I have multiple rails. All rails start with process to false, and i have an AI very simple that each 2 seconds choose between 3 rails and set a train. When the train reach the end of the rail swap the train to another rail (This rail is dynamic and can be there like not) and here is where the “magic” happen. When the train has no reach the end yet the delta is 0.016, but when swap the rail to another the delta is 0.113 and this doesn’t happen to each process, just happen to the dynamic rail process. Have any idea why this happen? Sorry for the english.

**Edit 1: **

I found the solution but the problem wasn’t directly the delta. When the train jump from one rail to another i don’t dereference the train from the old rail so the process that calculate the position of the train was executed two times. Maybe this make the high delta value problems.

:bust_in_silhouette: Reply From: Zylann

All I can say is that your game is probably laggy. What you are doing at switching time is maybe a heavy operation (like loading, creation of lots of nodes or a big fragment of code, directly or indirectly) that makes the game hang for longer than a frame.
If you don’t think that’s a heavy operation, please explain what you are actually doing^^

Delta is not supposed to be always the same, that’s the reason why it exists and is passed to all process functions. You have to deal with it and update your code so it doesn’t break if framerate fluctuates.

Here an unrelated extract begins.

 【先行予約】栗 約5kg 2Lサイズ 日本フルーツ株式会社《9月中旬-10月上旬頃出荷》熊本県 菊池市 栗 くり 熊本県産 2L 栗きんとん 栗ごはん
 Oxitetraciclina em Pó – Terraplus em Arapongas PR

When the game start, it load all the resource so i don’t think the resource is the problem. But when the train is in the dynamic rail i do this:

Globals.get(global.actives_rails).append(self)
print ("active rails: ", Globals.get(global.actives_rails).size())
set_process(true)
set_train (train)

and in process i do this:

func _process(delta):
if not has_train ():
	return
	pass
origin_pos = train.get_pos ()
destiny_pos = destiny.get_pos ()

var train_pos = train.get_pos ()
var new_y = train_pos.y - (delta * train.get_speed ())
train.set_pos(Vector2(train.get_pos().x, new_y))

I was thinking to use my own delta to keep the things stable, because the game is for one player.

JordanMotta | 2017-02-08 20:32

I don’t see heavy stuff here, but other functions are called, I can’t tell what’s going on. if you are sure delta is dropping exactly at the moment when you switch rails, follow all things you do at this moment and search what can cause the slowdown (printing, for example :p).